Description
FOR IMMEDIATE RELEASE -- St. Louis, MO – June 13, 2008 – ETHEX
Corporation announced today that it has voluntarily recalled specific additional
lots of morphine sulfate 60 mg extended release tablets, and specific lots
of morphine sulfate 30 mg extended release tablets, as a precaution, due to
the possible presence of oversized tablets. Oversized tablets may contain
as much as two times the labeled level of active morphine sulfate. The
recalled lots were distributed by ETHEX Corporation under an “ETHEX” label
between June 2006 and May 2008. The lot numbers involved in the recall
are:
Morphine Sulfate ER 30mg Tablet/NDC # 58177-320-04: Lots 75090,
77846, 77847, 80048, 83320, 89661, 89665, 90252 through 90258, and 93284
Morphine Sulfate ER 60mg Tablet/NDC # 58177-330-04: Lots 91762
(previously reported), 75091, 75092, 77848 through 77851, 82517, 82518, 83333,
83817, 83862, 84111, 84112, 84315, 84900, 85326, 85335, 85807, 86270 through
86276, 87723, 87939, 88007, 89083, 89668, 89669, 89821, 90260 through 90272,
and 91763 through 91765.
No report of unexpected side effects or injury has been received. However,
opioids such as morphine, have life-threatening consequences if overdosed. Those
consequences can include respiratory depression (difficulty or lack of breathing), and
low blood pressure, apnea, and hypotension.
The voluntary recall follows a report that a tablet with as much as double
the appropriate thickness was identified in a previously recalled lot. No
oversized tablets have been identified in any additional distributed lot of these
products and, based on our investigation, there are likely to be few, if any,
oversized tablets in the recalled lots. The decision to recall the additional
lots listed above has been taken as a responsible precaution because of the possibility
that there may be oversized tablets in those lots.

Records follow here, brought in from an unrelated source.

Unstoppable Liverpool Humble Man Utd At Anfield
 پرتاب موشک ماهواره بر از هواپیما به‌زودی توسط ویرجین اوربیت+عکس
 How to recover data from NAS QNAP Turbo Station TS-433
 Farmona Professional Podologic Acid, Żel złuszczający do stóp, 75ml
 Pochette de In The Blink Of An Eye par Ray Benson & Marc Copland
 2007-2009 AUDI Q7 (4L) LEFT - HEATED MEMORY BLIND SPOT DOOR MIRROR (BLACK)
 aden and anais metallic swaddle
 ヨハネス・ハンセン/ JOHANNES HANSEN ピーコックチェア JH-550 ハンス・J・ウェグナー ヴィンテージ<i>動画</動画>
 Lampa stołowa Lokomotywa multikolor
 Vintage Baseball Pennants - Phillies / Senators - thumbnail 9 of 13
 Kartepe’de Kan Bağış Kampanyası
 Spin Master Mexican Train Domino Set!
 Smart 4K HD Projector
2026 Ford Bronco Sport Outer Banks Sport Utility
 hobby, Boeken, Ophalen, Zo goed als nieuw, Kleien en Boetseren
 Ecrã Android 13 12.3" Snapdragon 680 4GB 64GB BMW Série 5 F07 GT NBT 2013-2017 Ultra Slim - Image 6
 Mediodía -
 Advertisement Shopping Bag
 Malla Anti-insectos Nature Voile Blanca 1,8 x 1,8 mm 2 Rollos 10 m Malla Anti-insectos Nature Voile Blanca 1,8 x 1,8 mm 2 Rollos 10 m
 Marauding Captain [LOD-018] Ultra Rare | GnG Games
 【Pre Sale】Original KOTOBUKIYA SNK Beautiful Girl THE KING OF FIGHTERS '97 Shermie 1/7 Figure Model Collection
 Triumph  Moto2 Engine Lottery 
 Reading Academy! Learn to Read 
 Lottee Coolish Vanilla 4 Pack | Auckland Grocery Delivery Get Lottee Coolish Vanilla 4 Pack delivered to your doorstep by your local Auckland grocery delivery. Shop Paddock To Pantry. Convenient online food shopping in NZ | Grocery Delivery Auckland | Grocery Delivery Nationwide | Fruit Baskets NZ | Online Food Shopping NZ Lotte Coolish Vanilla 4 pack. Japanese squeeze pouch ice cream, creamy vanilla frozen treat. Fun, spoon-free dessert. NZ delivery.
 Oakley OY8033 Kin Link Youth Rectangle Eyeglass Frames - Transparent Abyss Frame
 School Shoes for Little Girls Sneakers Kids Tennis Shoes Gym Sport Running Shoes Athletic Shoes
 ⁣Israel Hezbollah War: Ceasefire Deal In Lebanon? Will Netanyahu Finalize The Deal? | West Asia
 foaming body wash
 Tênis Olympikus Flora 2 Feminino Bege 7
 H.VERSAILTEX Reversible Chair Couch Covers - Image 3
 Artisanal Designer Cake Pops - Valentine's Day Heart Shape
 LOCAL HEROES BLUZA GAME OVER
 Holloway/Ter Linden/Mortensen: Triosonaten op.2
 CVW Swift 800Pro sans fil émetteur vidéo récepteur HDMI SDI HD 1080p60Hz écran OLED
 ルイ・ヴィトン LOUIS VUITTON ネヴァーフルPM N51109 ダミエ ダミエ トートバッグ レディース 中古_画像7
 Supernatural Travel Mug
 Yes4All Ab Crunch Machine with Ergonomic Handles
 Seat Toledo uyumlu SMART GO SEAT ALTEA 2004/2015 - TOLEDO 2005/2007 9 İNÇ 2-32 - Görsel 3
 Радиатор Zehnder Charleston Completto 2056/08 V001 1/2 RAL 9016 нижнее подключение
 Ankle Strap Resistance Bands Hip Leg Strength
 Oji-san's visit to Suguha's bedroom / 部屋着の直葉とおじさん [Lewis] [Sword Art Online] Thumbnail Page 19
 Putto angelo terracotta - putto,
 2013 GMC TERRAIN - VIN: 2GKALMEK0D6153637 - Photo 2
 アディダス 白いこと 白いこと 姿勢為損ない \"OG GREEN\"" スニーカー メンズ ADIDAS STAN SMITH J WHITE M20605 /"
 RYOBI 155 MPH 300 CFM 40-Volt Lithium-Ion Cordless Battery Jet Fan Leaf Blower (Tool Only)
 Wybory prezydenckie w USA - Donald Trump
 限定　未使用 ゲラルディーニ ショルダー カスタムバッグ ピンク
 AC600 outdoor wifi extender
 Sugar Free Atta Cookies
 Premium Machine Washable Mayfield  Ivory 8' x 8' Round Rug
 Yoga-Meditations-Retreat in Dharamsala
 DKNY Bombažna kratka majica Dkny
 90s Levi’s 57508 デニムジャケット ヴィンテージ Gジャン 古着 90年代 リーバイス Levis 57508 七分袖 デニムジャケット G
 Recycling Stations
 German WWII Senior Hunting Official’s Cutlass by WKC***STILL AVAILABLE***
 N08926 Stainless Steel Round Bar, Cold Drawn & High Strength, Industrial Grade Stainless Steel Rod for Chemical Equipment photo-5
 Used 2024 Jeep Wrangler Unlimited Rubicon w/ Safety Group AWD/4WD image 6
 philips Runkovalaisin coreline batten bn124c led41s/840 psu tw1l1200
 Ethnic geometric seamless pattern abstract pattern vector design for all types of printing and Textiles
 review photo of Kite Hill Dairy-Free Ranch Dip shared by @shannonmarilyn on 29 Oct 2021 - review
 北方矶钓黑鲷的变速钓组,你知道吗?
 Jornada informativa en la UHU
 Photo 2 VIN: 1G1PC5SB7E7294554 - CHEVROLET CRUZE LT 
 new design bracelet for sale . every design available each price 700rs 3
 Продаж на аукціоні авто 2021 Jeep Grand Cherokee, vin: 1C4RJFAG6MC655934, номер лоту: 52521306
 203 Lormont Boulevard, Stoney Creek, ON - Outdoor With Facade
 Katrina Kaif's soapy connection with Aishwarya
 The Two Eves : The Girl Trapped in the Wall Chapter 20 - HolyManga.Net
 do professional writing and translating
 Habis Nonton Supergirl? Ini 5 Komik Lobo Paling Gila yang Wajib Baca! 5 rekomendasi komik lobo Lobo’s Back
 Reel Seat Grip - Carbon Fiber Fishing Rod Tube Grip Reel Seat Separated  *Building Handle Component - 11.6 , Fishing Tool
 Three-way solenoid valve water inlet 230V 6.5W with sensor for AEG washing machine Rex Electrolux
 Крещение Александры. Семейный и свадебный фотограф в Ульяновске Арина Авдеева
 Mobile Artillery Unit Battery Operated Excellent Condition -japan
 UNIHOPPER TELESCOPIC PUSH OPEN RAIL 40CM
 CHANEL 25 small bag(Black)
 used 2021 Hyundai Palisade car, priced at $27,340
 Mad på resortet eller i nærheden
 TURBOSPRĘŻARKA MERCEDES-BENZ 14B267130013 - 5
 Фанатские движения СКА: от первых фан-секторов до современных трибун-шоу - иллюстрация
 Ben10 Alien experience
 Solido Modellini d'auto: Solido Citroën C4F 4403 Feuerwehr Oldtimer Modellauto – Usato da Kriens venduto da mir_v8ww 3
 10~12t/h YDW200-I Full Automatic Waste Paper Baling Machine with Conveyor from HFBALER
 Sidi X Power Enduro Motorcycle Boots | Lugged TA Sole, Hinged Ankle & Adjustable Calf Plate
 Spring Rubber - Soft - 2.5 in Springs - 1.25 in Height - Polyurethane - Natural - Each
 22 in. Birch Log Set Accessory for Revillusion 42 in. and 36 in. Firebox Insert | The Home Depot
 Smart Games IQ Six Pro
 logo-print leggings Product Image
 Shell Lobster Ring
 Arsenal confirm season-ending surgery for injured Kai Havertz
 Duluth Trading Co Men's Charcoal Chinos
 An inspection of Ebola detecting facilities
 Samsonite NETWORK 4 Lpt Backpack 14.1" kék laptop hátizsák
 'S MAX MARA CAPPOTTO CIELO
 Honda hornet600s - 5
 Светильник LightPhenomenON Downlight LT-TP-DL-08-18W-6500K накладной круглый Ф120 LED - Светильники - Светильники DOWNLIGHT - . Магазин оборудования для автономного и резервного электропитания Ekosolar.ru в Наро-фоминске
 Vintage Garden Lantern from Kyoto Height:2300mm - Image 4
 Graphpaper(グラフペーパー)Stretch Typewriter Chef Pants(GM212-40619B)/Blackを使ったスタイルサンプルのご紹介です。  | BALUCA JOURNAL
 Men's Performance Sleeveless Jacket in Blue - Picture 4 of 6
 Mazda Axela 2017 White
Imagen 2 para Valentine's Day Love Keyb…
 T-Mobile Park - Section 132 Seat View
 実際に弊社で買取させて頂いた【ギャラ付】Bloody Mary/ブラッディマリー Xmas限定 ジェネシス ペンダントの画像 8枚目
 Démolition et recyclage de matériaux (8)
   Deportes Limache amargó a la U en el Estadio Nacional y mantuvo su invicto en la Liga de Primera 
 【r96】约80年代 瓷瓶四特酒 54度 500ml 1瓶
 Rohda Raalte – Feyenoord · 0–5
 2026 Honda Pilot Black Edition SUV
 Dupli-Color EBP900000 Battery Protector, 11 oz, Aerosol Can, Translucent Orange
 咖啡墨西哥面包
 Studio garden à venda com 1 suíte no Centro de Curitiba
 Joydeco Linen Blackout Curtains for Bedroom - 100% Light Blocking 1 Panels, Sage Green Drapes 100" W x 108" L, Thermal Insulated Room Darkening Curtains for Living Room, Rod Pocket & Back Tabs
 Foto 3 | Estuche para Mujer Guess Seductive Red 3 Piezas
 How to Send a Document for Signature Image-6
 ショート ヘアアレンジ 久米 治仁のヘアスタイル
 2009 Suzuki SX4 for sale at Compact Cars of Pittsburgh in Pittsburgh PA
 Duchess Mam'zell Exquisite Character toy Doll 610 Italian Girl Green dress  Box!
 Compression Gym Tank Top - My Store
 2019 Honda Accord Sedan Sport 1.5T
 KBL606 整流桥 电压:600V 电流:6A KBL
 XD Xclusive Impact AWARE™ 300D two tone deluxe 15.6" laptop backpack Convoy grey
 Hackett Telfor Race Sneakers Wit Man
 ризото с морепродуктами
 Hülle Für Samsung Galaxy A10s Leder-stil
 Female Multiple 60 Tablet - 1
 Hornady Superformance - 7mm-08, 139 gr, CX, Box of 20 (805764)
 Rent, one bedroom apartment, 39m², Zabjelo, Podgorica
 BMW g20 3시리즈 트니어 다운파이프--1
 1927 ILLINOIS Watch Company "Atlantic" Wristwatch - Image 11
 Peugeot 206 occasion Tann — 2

The 60 mg product is a white oval tablet with “60” on one side, and “E” on
the reverse. The 30 mg product is a pink oval tablet with “30” on
one side, and “E” on the reverse.
Any customer inquiries related to this action should be addressed to ETHEX
Customer Service at 1-800-321-1705, or fax to ETHEX Customer Service at 314-646-3751
or sent via email to: customer-service@ethex.com with representatives available
Monday through Friday, 8 am to 5 pm CDT.
ETHEX Corporation has initiated recall notifications to wholesalers and retailers
who have received any inventory of the recalled lots of this product with instructions
for returning the recalled product and, if they have not already done so, they
are urged to contact the number above regarding procedures for returning the
recalled product. If consumers have any questions about the recall, they
should call the number above, their physician, their pharmacist or other health
care provider.
This recall is being conducted with the knowledge of the Food and Drug Administration
(FDA).
Any adverse reactions experienced with the use of this product, and/or quality
problems may also be reported to the FDA's MedWatch Program by phone at 1-800-FDA-1088,
by Fax at 1-800-FDA-0178, by mail at MedWatch, FDA, 5600 Fishers Lane, Rockville,
MD 20852-9787, or on the MedWatch website at www.fda.gov/medwatch.